Segment Start: RECORDS SHOWN

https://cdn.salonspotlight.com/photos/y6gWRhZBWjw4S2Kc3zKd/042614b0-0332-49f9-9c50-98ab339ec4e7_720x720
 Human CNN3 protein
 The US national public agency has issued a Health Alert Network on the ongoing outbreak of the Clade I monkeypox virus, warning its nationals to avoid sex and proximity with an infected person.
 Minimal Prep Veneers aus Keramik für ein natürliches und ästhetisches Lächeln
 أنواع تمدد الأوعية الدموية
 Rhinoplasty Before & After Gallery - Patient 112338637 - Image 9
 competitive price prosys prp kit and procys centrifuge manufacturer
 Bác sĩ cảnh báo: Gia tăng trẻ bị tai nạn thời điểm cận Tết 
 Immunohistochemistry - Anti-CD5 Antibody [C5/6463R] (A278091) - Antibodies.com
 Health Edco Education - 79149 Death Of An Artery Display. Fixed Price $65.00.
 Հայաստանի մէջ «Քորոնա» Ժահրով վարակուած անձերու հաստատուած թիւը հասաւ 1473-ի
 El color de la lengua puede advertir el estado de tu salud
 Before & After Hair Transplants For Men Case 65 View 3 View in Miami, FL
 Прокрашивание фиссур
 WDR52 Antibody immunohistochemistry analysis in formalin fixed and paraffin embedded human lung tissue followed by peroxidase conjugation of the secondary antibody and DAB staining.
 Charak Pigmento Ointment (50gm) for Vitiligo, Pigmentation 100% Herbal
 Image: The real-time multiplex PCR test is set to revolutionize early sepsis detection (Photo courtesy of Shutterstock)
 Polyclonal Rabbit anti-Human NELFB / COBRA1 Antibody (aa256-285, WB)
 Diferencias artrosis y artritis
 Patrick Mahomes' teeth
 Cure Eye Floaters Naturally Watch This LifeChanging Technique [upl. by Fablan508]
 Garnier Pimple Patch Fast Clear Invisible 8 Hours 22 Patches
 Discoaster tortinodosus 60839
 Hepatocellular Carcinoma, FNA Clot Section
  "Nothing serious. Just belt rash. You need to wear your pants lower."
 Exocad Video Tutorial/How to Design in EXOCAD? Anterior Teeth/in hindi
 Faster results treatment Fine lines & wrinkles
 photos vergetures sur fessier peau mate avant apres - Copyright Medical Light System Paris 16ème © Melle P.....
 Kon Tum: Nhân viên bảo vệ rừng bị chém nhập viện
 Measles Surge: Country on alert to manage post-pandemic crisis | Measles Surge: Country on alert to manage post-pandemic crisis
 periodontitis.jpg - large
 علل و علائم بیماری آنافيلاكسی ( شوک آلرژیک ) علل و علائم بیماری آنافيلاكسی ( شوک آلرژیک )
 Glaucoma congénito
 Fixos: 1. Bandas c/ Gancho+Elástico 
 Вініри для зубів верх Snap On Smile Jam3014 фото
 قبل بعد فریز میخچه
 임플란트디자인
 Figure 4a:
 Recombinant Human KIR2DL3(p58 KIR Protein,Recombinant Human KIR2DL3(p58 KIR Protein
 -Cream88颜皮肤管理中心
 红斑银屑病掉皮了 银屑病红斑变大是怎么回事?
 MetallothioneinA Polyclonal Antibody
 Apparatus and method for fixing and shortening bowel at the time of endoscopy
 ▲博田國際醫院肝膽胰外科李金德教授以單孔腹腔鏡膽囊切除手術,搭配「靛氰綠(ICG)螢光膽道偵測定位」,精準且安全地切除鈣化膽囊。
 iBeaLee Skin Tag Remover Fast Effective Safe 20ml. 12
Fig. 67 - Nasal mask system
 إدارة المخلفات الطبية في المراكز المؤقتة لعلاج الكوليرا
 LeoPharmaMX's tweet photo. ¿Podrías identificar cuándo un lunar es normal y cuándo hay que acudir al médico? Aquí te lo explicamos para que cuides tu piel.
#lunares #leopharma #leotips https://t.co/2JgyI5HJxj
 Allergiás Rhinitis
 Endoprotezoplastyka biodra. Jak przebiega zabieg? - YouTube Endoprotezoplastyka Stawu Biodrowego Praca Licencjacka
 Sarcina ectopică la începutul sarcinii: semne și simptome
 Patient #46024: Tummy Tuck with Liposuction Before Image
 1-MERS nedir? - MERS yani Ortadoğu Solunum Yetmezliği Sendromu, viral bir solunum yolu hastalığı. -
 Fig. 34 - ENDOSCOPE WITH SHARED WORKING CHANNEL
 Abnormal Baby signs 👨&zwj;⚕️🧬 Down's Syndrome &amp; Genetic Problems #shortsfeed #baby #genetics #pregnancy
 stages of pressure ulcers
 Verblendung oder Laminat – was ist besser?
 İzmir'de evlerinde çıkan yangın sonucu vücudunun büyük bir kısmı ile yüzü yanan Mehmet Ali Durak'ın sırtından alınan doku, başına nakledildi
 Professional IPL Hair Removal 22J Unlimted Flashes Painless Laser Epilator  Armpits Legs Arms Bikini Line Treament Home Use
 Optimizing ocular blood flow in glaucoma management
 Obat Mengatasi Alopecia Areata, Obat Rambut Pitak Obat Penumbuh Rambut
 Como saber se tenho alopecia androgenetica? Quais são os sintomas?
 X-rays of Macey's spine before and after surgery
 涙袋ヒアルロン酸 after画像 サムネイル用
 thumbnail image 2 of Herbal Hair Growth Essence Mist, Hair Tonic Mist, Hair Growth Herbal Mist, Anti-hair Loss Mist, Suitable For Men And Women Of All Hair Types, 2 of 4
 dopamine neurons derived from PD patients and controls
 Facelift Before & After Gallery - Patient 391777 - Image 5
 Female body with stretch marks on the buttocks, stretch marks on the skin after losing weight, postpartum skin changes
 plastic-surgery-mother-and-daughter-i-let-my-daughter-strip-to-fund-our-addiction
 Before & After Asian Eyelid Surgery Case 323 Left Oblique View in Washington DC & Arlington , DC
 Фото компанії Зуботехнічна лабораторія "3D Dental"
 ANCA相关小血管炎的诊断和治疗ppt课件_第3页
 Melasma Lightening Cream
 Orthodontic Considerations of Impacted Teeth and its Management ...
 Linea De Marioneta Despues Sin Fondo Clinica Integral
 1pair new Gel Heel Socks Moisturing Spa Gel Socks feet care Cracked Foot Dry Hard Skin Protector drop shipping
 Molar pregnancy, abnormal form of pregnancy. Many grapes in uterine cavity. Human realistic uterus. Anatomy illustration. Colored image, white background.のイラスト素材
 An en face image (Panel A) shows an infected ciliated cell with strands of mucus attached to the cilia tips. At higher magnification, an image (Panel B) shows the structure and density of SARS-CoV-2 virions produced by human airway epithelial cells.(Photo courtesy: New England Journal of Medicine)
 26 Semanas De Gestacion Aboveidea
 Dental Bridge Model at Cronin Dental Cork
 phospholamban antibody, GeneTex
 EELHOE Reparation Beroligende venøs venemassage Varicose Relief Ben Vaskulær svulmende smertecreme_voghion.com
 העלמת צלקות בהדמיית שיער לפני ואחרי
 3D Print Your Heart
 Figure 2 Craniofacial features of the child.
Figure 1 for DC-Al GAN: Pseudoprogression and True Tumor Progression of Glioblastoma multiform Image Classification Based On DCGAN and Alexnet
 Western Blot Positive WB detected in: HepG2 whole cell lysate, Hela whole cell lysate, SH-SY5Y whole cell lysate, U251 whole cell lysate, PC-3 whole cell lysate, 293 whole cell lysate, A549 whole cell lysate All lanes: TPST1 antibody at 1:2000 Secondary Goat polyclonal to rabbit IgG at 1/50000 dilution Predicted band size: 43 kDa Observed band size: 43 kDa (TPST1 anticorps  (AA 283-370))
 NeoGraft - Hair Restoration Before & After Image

Segment End: RECORDS SHOWN

§ TASK OBJECTIVE:
From the entries above, extract only the lines running from the one containing "Human CNN3 protein" through the one containing "The US national", inclusive.

§ RESPONSE AREA:
 Human CNN3 protein
 The US national public agency has issued a Health Alert Network on the ongoing outbreak of the Clade I monkeypox virus, warning its nationals to avoid sex and proximity with an infected person.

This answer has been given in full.